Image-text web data
----

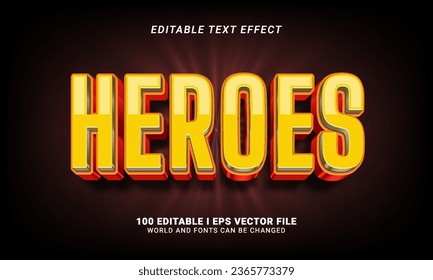 heroes text effect graphic style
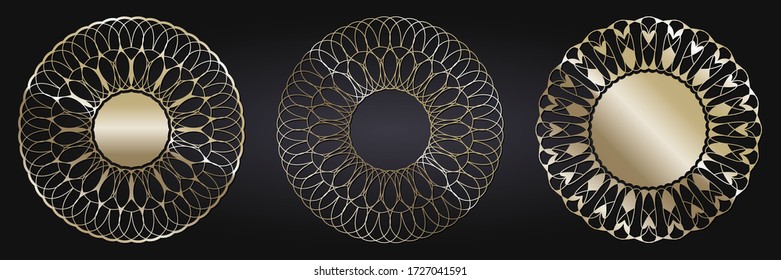 Set of decorative openwork round frames with gold abstract floral pattern. Circular ornament. Elegant elements for design. Vector.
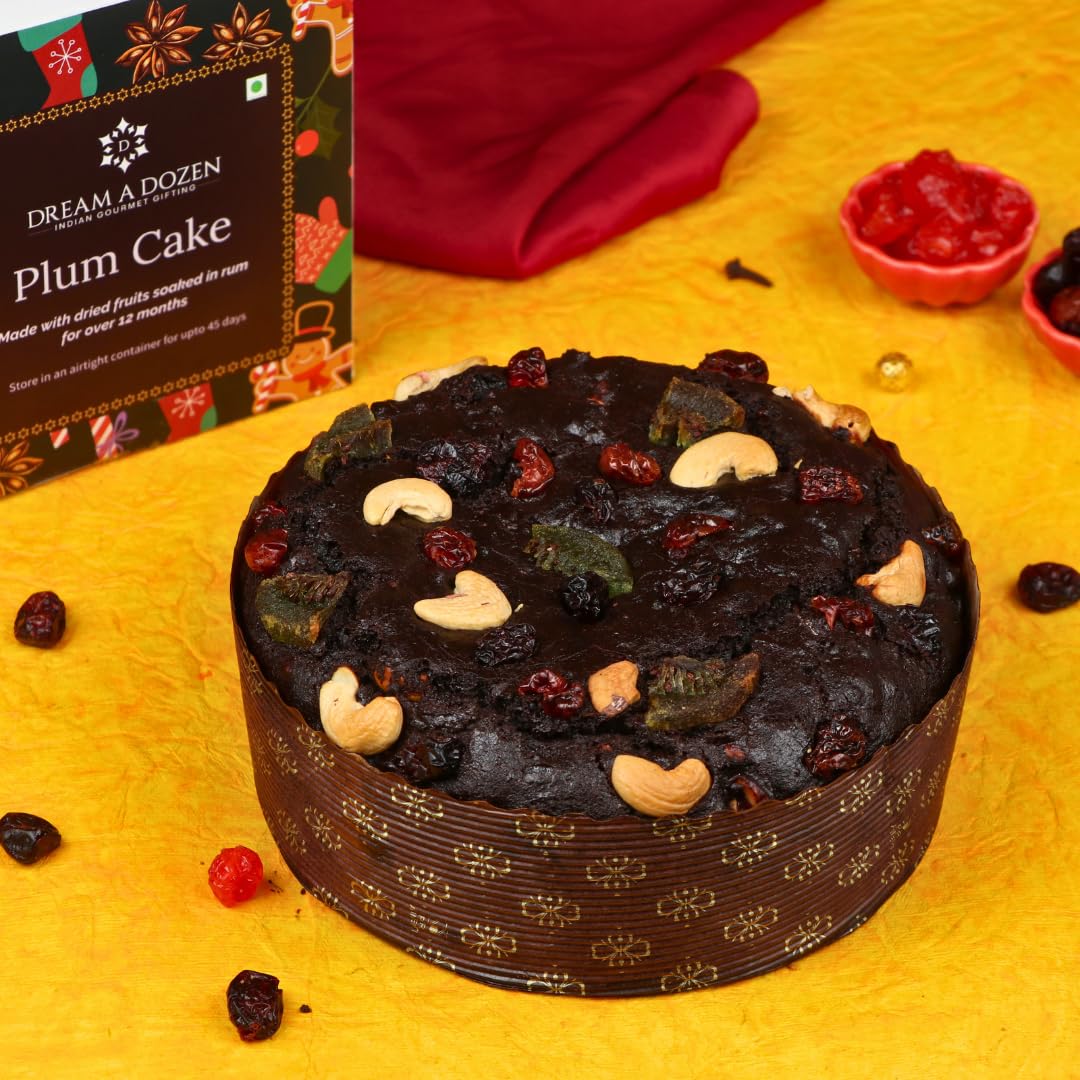 DREAM A DOZEN 100% Eggless 1kg Veg Classic Plum Cake with Dry Fruits Soaked in Rum for 12 Months | No Added Preservatives | Premium Christmas Cake-image-5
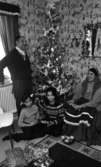 Hemma hos Karasko, 24 december 1965

Familjen Karasko bestående av far, mor och två döttrar är samlade invid den dekorerade julgranen i vardagsrummet. Modern är klädd i traditionell romsk dräkt. Fadern står upp vid julgranen, modern sitter i soffan och de två döttrarna sitter på golvet mellan dem. I förgrunden på mattan ligger fem stycken julklappar samt en skål med äpplen.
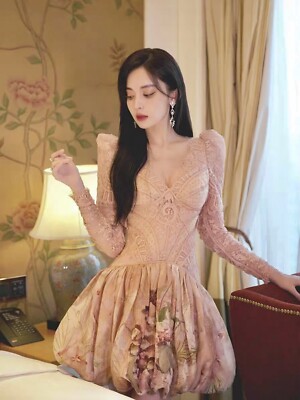 ★as''on★FLORA LACE PUFF DRESS / BROWN★正規品/韓国送料込 Sweet Elegant Long Floral Dress Women Casual Vintage Lace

----

| GOAL OF THE EXERCISE |
Nothing but the lines from the one containing "Set of decorative" to the last line of the records should be returned, exactly as they appear and without pictures.

| SOLUTION TO THE PROBLEM |
 Set of decorative openwork round frames with gold abstract floral pattern. Circular ornament. Elegant elements for design. Vector.
 DREAM A DOZEN 100% Eggless 1kg Veg Classic Plum Cake with Dry Fruits Soaked in Rum for 12 Months | No Added Preservatives | Premium Christmas Cake-image-5
 Hemma hos Karasko, 24 december 1965

Familjen Karasko bestående av far, mor och två döttrar är samlade invid den dekorerade julgranen i vardagsrummet. Modern är klädd i traditionell romsk dräkt. Fadern står upp vid julgranen, modern sitter i soffan och de två döttrarna sitter på golvet mellan dem. I förgrunden på mattan ligger fem stycken julklappar samt en skål med äpplen.
 ★as''on★FLORA LACE PUFF DRESS / BROWN★正規品/韓国送料込 Sweet Elegant Long Floral Dress Women Casual Vintage Lace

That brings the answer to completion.